=== Source material ===
━━━━━━━━━━

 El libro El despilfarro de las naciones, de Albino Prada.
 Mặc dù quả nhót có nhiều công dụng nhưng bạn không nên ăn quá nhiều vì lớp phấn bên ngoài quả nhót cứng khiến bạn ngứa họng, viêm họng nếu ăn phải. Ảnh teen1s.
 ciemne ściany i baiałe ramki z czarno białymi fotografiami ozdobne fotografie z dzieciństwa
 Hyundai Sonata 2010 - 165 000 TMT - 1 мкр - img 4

━━━━━━━━━━

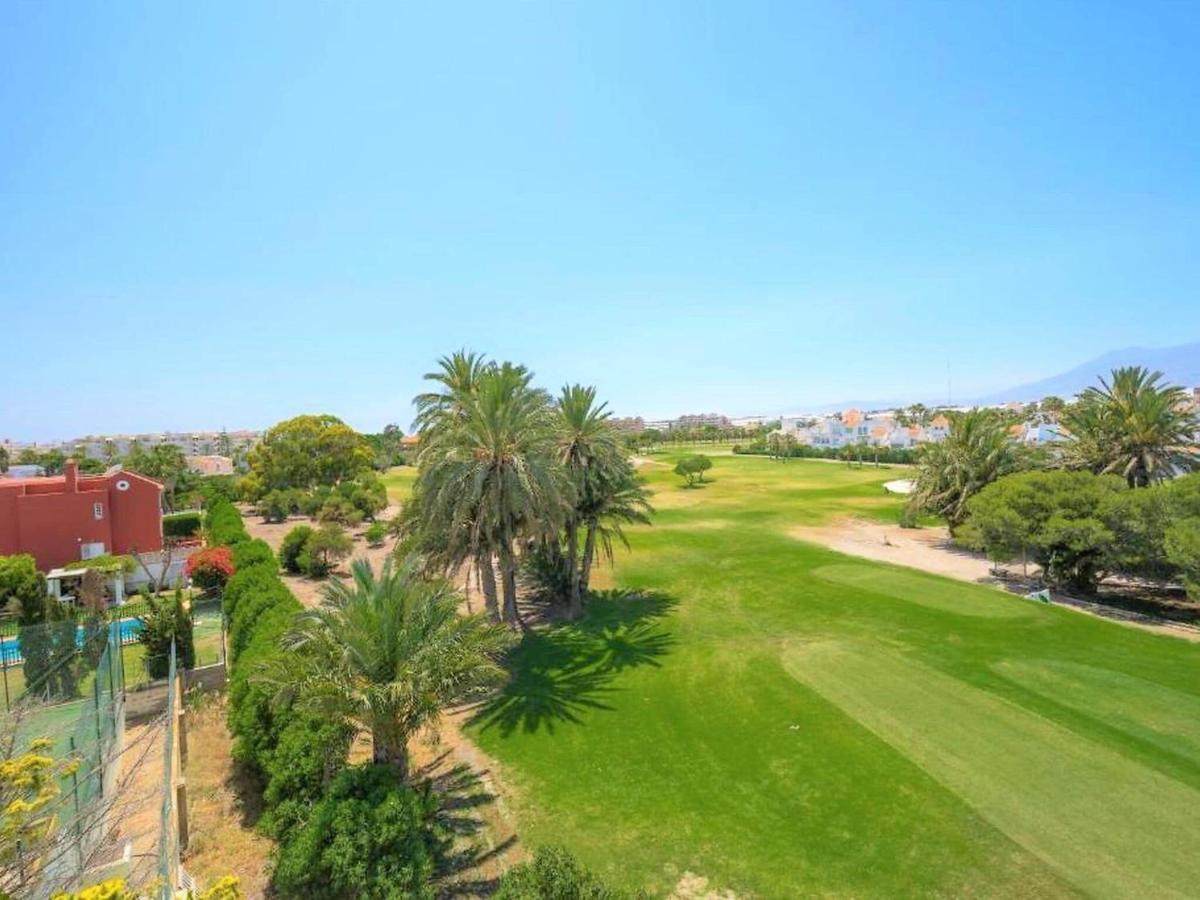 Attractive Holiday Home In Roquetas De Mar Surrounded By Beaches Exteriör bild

━━━━━━━━━━

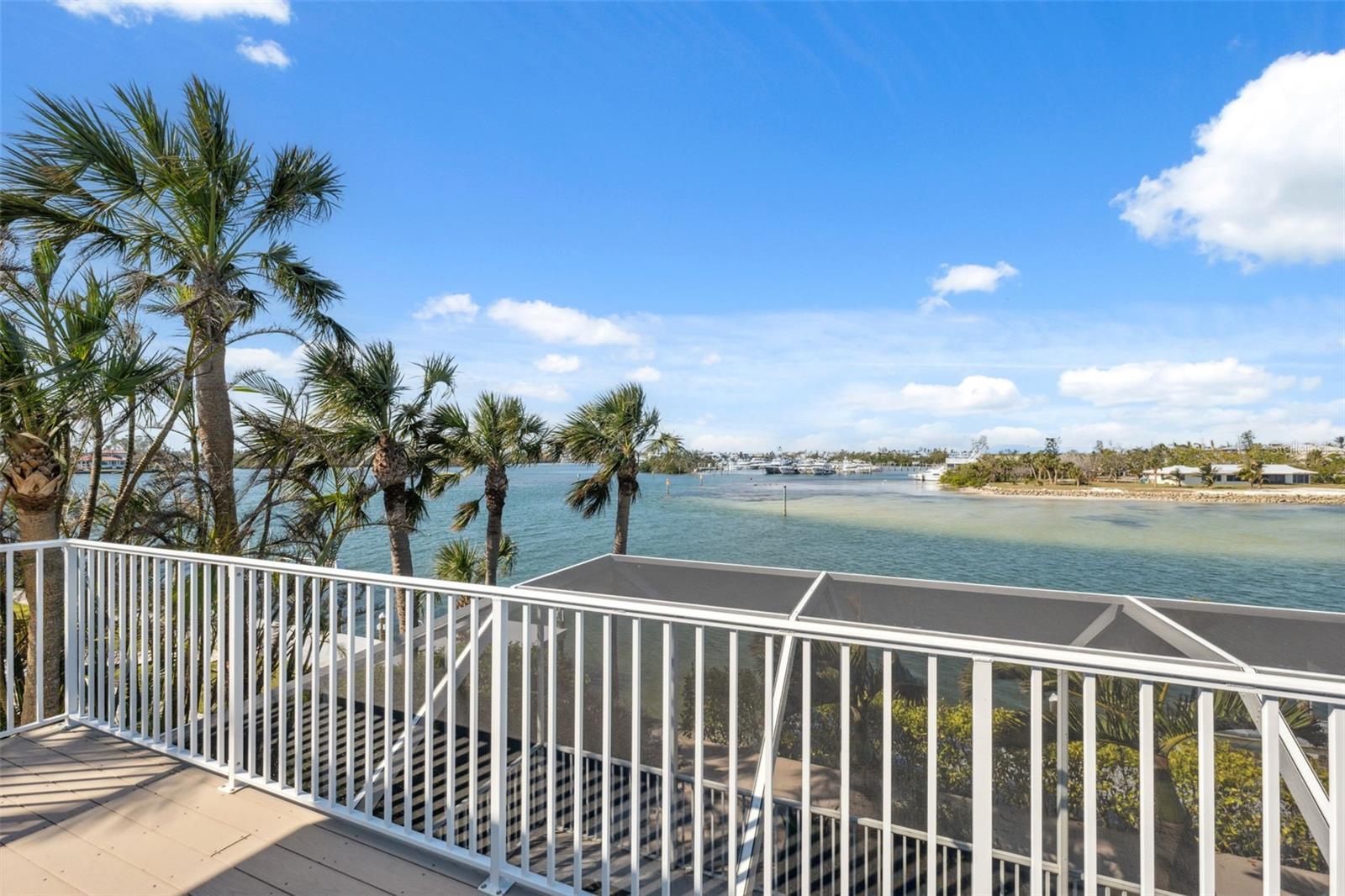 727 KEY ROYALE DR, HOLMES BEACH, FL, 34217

━━━━━━━━━━

=== About this exercise ===
Take the lines above from the one containing "ciemne ściany i" down to the one containing "Hyundai Sonata 2010", and transcribe them exactly, both ends included.

=== Task output ===
 ciemne ściany i baiałe ramki z czarno białymi fotografiami ozdobne fotografie z dzieciństwa
 Hyundai Sonata 2010 - 165 000 TMT - 1 мкр - img 4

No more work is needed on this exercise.